Three out LGBTQ Democrats were elected last week to the Upper Darby School Board of Directors in what is being recognized as the first time openly-gay officials have sat on the governing council in the DelCo township.
Meredith Hegg, who is a lesbian, and out gay men Damien Warsavage and David Neill will swear into the nine-person elected school board for four-year terms on Dec. 3.
The appointments were part of a blue wave of Democratic victories that swept over Delaware County during Pennsylvania’s Nov. 5 general election. Upper Darby Democratic Councilmember Barbarann Keffer rang in an end to the 10-year leadership of Mayor Tom Micozzie, a Republican first elected to the position in 2009. The five-seat Delaware County Council will also turn entirely Democrat-controlled, destabilizing a Republican stronghold that lasted for generations.
Warsavage, 34, was born in Bryn Mawr and spent his academic career in the Upper Darby School District. Having out folks on the school board is important because of their ability to better represent the experiences of the region’s LGBTQ young people, he said.
It makes a powerful impact when LGBTQ board members “who think like you, who feel like you, who look like you, who celebrate like you, who triumph like you, who go through tragedy like you,” are making policies to ensure fair treatment and protections for queer students, Warsavage said.
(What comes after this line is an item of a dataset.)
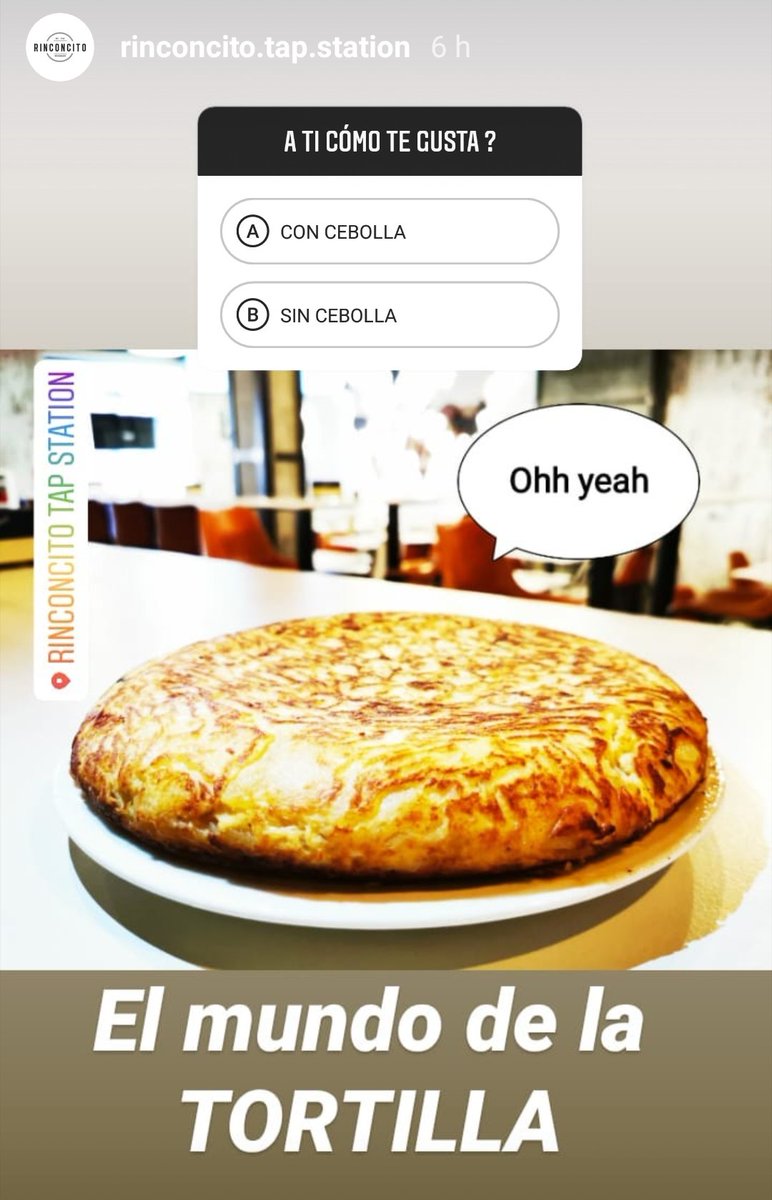 taniaizquierdo_'s tweet photo. Vengo a contaros una cosa que me tiene: proud.

Mis padres reformaron su restaurante de toda la vida hace apenas tres meses. Como yo ahora mismo no tengo tiempo para ayudarles más, mi señora madre CON 55 AÑOS ha empezado a llevar las redes sociales (@rinconcito_ts). [1/2] https://t.co/sUA5etqV9D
As a certified recovery specialist, Warsavage added he aims to make the Upper Darby school system more “recovery ready” and provide peer-based support to students and families experiencing the impacts of substance use disorder. His passion for the cause stems from how addiction affected his own family. Warsavage’s brother died by overdose April 3, 2014. That same week, his father died in his sleep from alcoholism while lying next to Warsavage’s mother — on the morning of his brother’s funeral.
Warsavage also intends to bolster Upper Darby’s equity program to ensure teachers and school district leaders are empathetic, understanding and empowering to students from diverse backgrounds, including the LGBTQ community, he told PGN.
Upper Darby School District, which serves students from Upper Darby Township, Clifton Heights Borough and Millbourne Borough, represents young learners who speak more than 70 languages and hail from more than 60 countries, according to the school district’s website. The district’s budget exceeds $165 million to benefit approximately 12,000 students.
In line with Pennsylvania law, the school board positions are unpaid. Upper Darby School District Superintendent Daniel McGarry holds an additional non-voting position on the board as part of his salaried, non-elected position, in which he reports to the elected officials.
Hegg, 41, attended Swarthmore College before moving permanently to DelCo, where she resides with her wife and 5-year-old twins in Clifton Heights, in 2004. The California native said she wanted to ensure high-caliber public education for young learners like her offspring, prompting her school board bid.
Hegg plans to champion environmental issues, such as advocating for renewable energy and energy-efficiency measures in the area’s schools, and the building of a new middle school to address overcrowding in the district’s educational facilities. She also said she hopes having three LGBTQ people on the school board sends a positive message about the future to young people who are struggling to understand their identities.
“We have LGBTQ middle-school students and high-school students who aren’t sure yet where they’re headed, how their life is going to look as a queer person, that they may or may not feel comfortable coming out to their family. They may or may not feel sure exactly how they identify,” Hegg added. “Awareness of and sensitivity to that [on the board] is incredibly important.”
Neill, a 34-year-old Drexel Hill resident, will join Upper Darby’s school board as a life-long educator. With a background in teaching special education, he currently teaches business at Haverford High School and is certified to educate in seven subject areas including history, math, marketing and earth and space science.
Neill hopes to get the area’s school system to buckle down on early education with initiatives like day-long kindergarten, district-sponsored head start programs and increased emphasis on learning before the third grade, in addition to serving as a role model for LGBTQ students, he told PGN. As an openly-gay business teacher, Neill added he strives to squash stereotypes of what an LGBTQ person looks like while fostering a comfortable environment for young folks to come out.
“Now that [LGBTQ board members] have a say at the table, we can actually drive the discussion, and we can enact policies that protect our students, whether it’s chosen pronouns, inclusive practices,” Neill said. “It’s nice to actually see someone from the community who’s openly LGBTQ serving in some capacity on administration, whether it’s township council, school board. They’re just visible.”